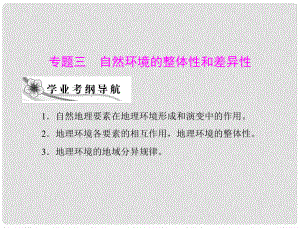 高考地理學(xué)業(yè)水平測試復(fù)習(xí) 專題三 考點1 自然地理要素在地理環(huán)境形成和演變中的作用 地理環(huán)境各要素的相互作用地理環(huán)境的整體性課件 新人教版必修1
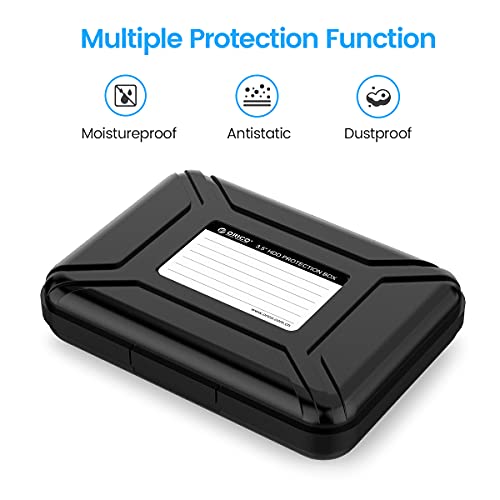 ORICO Hard Drive Case 3.5 inch HDD Storage Carrying Case Anti-Static and Shockproof External Hard Drive Portable Case, Compatible with WD, Seagate, Toshiba, Samsung, Hitachi, Crucial-PHXBK - color: Black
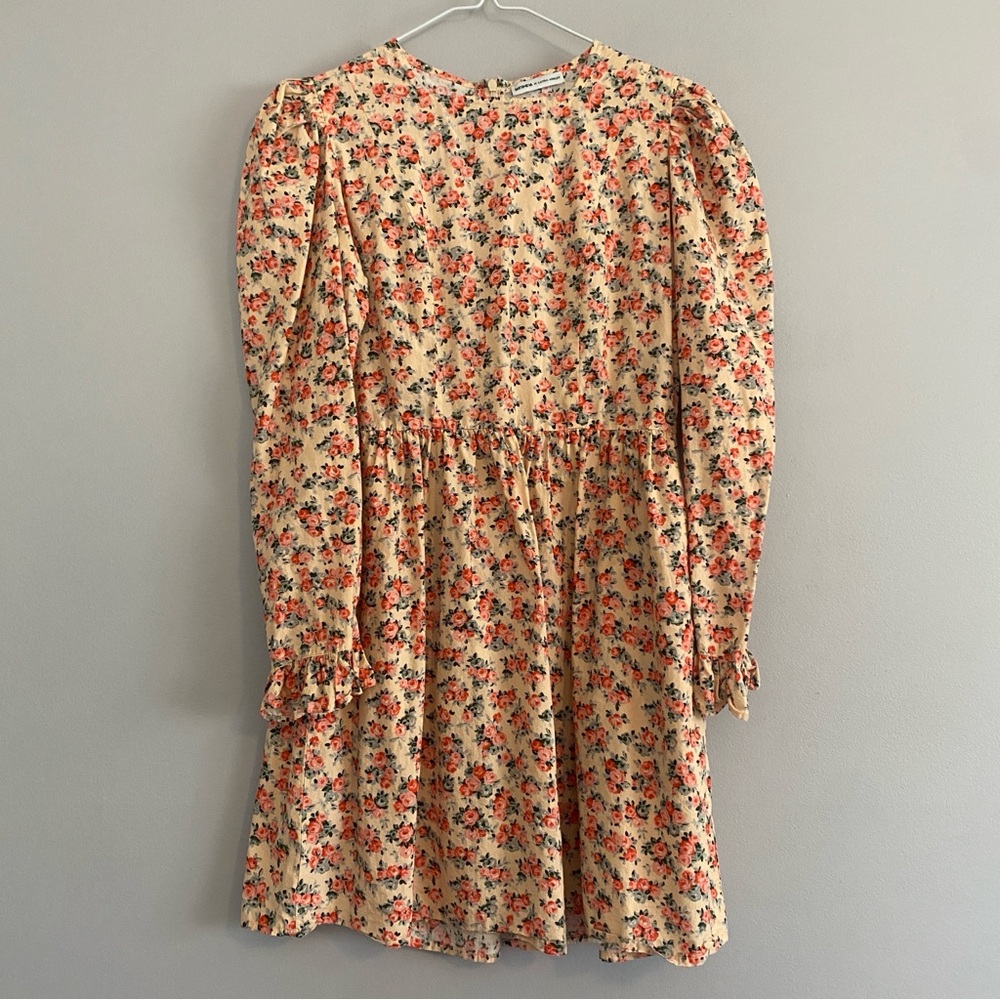 BATSHEVA X Laura Ashley Floral Crosby Rose Mini Dress with Puff Sleeves - Size 2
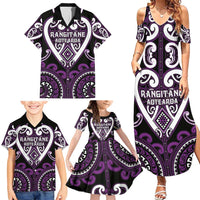 Custom Aotearoa Rangitane Family Matching Summer Maxi Dress and Hawaiian Shirt Maori Tribal Pattern LT05 - Polynesian Pride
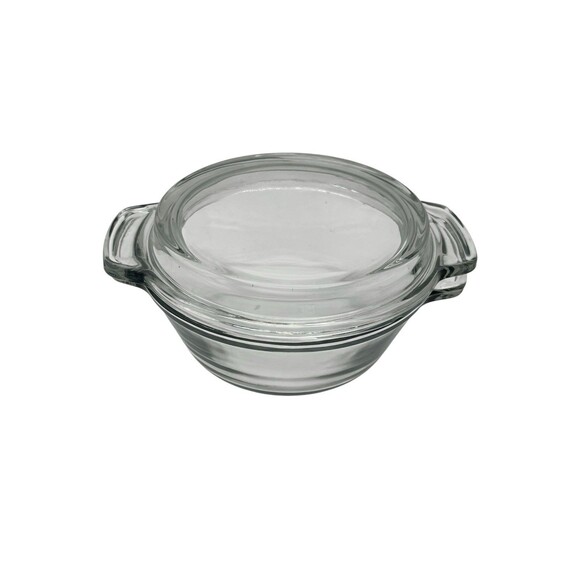 Vintage Anchor Hocking Casserole Dish 12 Oz #1072 Clear Glass Baking Dish w Lid - Picture 1 of 5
--------------------------------------------------
§ **Activity**
The expected output is an exact copy of the lines from the one with "ORICO Hard Drive" to the final line of the entries above, pictures excepted; please include both ends.

§ **Exercise solution**
 ORICO Hard Drive Case 3.5 inch HDD Storage Carrying Case Anti-Static and Shockproof External Hard Drive Portable Case, Compatible with WD, Seagate, Toshiba, Samsung, Hitachi, Crucial-PHXBK - color: Black
 BATSHEVA X Laura Ashley Floral Crosby Rose Mini Dress with Puff Sleeves - Size 2
 Custom Aotearoa Rangitane Family Matching Summer Maxi Dress and Hawaiian Shirt Maori Tribal Pattern LT05 - Polynesian Pride
 Vintage Anchor Hocking Casserole Dish 12 Oz #1072 Clear Glass Baking Dish w Lid - Picture 1 of 5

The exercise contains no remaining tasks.